**Task brief:** Down to the last character, transcribe every record.

**Excerpted records:**
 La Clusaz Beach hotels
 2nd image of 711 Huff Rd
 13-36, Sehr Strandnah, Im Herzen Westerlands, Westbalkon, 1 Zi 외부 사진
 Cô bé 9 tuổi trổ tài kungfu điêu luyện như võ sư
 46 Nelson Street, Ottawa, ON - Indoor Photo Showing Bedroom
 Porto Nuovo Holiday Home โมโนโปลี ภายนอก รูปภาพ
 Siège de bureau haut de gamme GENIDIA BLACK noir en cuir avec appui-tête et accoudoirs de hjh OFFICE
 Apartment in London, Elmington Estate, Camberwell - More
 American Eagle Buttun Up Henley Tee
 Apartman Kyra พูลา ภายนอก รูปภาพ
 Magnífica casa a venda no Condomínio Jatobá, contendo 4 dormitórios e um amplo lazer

**Response below:**
 La Clusaz Beach hotels
 2nd image of 711 Huff Rd
 13-36, Sehr Strandnah, Im Herzen Westerlands, Westbalkon, 1 Zi 외부 사진
 Cô bé 9 tuổi trổ tài kungfu điêu luyện như võ sư
 46 Nelson Street, Ottawa, ON - Indoor Photo Showing Bedroom
 Porto Nuovo Holiday Home โมโนโปลี ภายนอก รูปภาพ
 Siège de bureau haut de gamme GENIDIA BLACK noir en cuir avec appui-tête et accoudoirs de hjh OFFICE
 Apartment in London, Elmington Estate, Camberwell - More
 American Eagle Buttun Up Henley Tee
 Apartman Kyra พูลา ภายนอก รูปภาพ
 Magnífica casa a venda no Condomínio Jatobá, contendo 4 dormitórios e um amplo lazer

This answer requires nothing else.